MATERIAL SHOWN
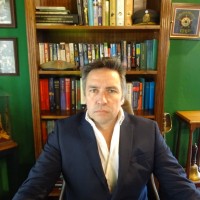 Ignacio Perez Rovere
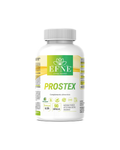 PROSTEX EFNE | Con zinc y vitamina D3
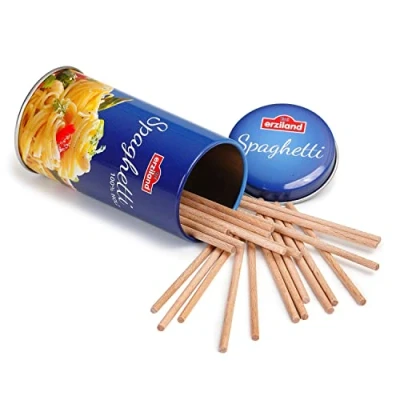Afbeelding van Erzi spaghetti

---

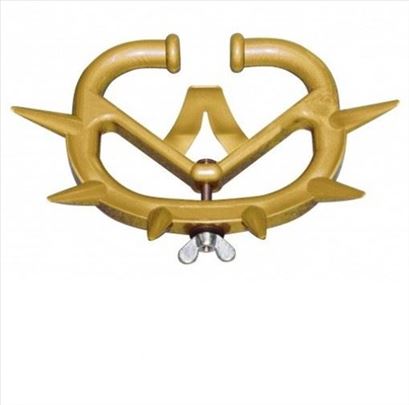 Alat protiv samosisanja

EXERCISE AIM
Above are some entries. Restate word for word the lines from the one holding "PROSTEX EFNE | Con zinc y vitamina D3" through the one holding "Afbeelding van Erzi spaghetti", but not the pictures.

EXERCISE RESULT
 PROSTEX EFNE | Con zinc y vitamina D3
Afbeelding van Erzi spaghetti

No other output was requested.